Taxpayer Impact: Full and open competition generally ensures taxpayers receive fair value for goods and services, minimizing the risk of overpayment compared to less competitive methods.
Public Impact
Ensures the availability of critical aviation fuel for Department of Defense operations. Supports military readiness and logistical capabilities through a reliable fuel supply chain. The economic price adjustment clause may lead to fluctuations in the final cost to taxpayers. The contract's duration and volume suggest a significant impact on the regional fuel market.
Waste & Efficiency Indicators
Waste Risk Score: 88 / 10
Warning Flags
- Economic price adjustment clause introduces cost uncertainty.
- Large contract value presents a significant financial commitment.
- Dependence on a single supplier for a critical resource.
Positive Signals
- Awarded through full and open competition.
- Secured by a known entity in the fuel market.
- Addresses a critical operational requirement for the DoD.
Sector Analysis
This contract is within the Petroleum Refineries sector, specifically for turbine fuel.
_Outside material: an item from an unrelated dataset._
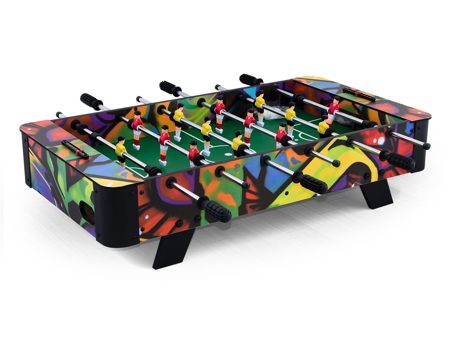 Игровой стол - футбол "Derby" Игровой стол - футбол "Derby"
Spending in this sector is crucial for national defense and transportation infrastructure, with benchmarks often tied to global oil prices and refining capacity.
Small Business Impact
The data indicates this contract was not set aside for small businesses and was awarded to Equilon Enterprises LLC, a large corporation. There is no indication of small business participation in this specific award.
Oversight & Accountability
The contract was awarded by the Defense Logistics Agency, a key component of DoD oversight for supply chain management. The use of full and open competition suggests adherence to standard procurement regulations, but ongoing monitoring of the EPA clause is necessary.
Related Government Programs
- Petroleum Refineries
- Department of Defense Contracting
- Defense Logistics Agency Programs
Risk Flags
- Potential for cost overruns due to Economic Price Adjustment (EPA).
- Significant financial commitment for a single fuel type.
- Dependence on Equilon Enterprises LLC for a critical supply.
- Lack of small business participation noted.
Tags
petroleum-refineries, department-of-defense, tx, do, 100m-plus
Frequently Asked Questions
What is this federal contract paying for?
Department of Defense awarded $251.4 million to EQUILON ENTERPRISES LLC. AVIATION FUEL, TURBINE JP8 CLIN 0101 31,601,000 BY BARGE CLIN 0201 9,979,000 BY BARGE CLIN 0301 5,546,000 BY TRUCK
Who is the contractor on this award?
The obligated recipient is EQUILON ENTERPRISES LLC.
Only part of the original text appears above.